Only the pictures are to be dropped, and the rest of the data should be copied exactly.

● **Dataset extract**

══════════════════════════════

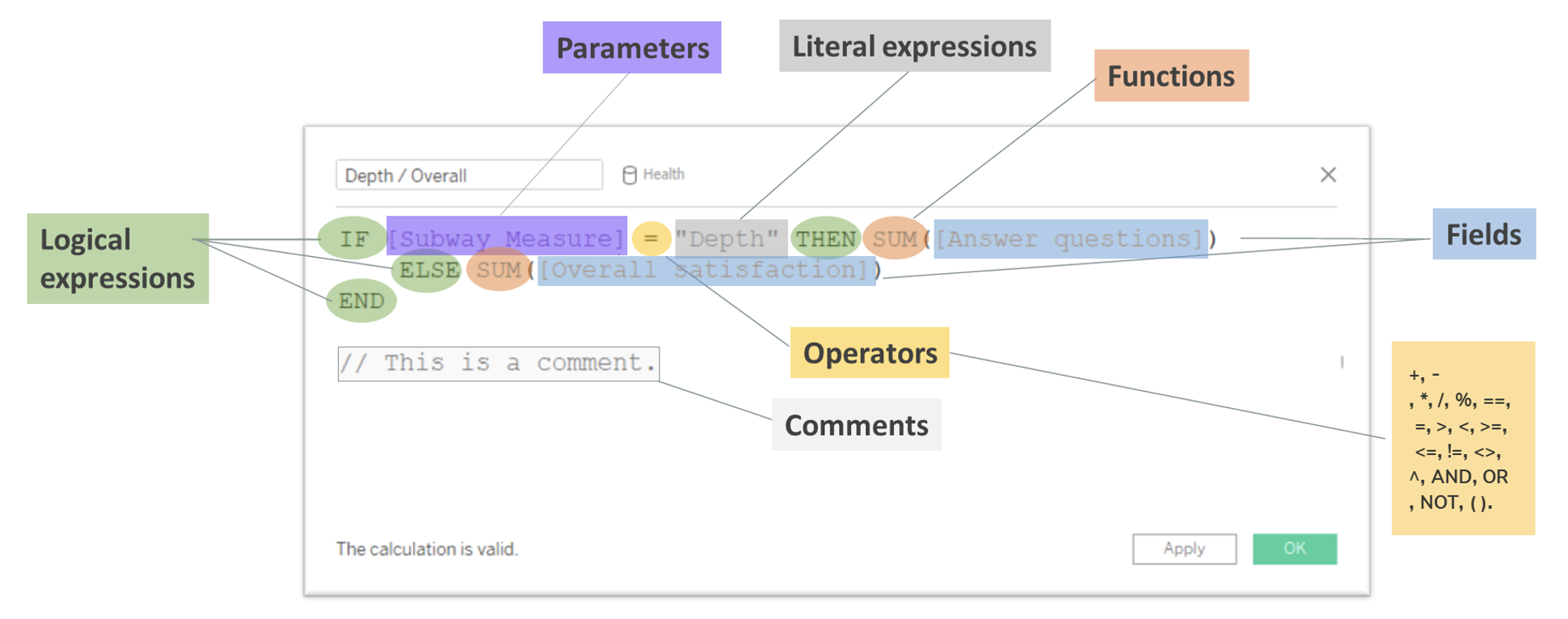 Power BI Logic and Calculation Foundations - InterWorks
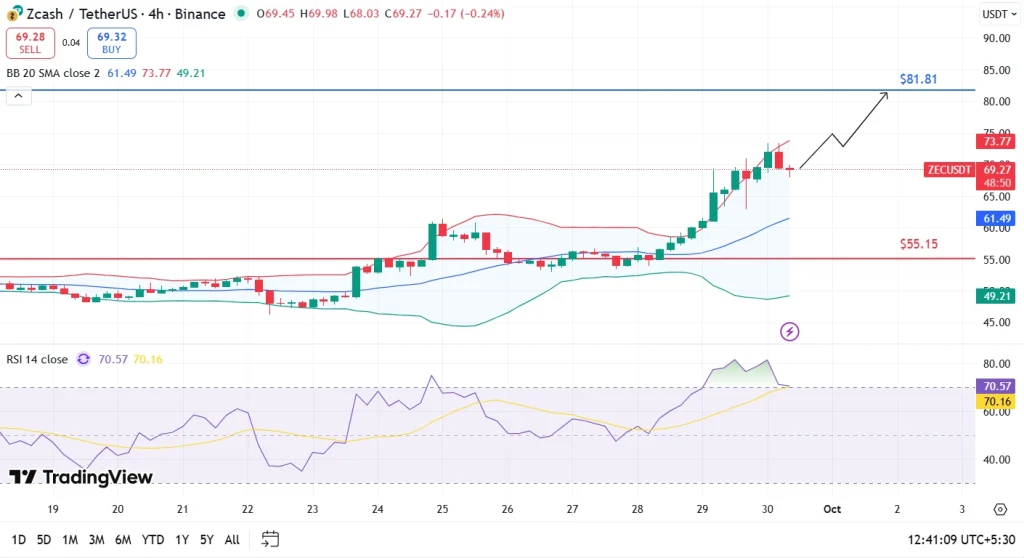 ZEC Price Analysis 30-9-25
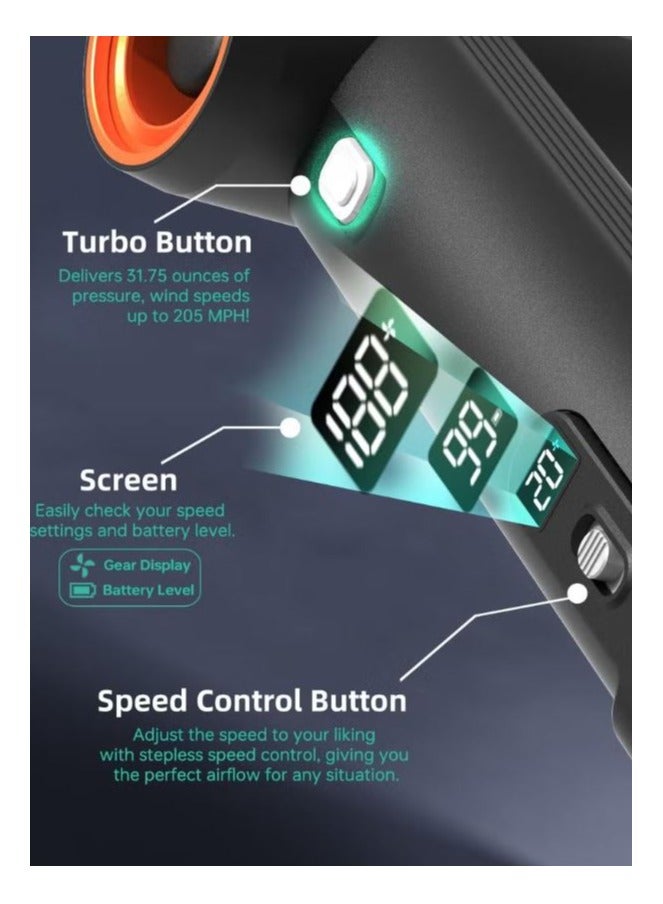 كيكا KiCA JetFan MAX Car Dryer Air Blower – 31oz Thrust, 205MPH Wind Speed, 54W Fast Charging, 6 x 4000mAh Batteries, Turbo Dryer for Car Drying - Image 4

══════════════════════════════

● **Exercise response**
 Power BI Logic and Calculation Foundations - InterWorks
 ZEC Price Analysis 30-9-25
 كيكا KiCA JetFan MAX Car Dryer Air Blower – 31oz Thrust, 205MPH Wind Speed, 54W Fast Charging, 6 x 4000mAh Batteries, Turbo Dryer for Car Drying - Image 4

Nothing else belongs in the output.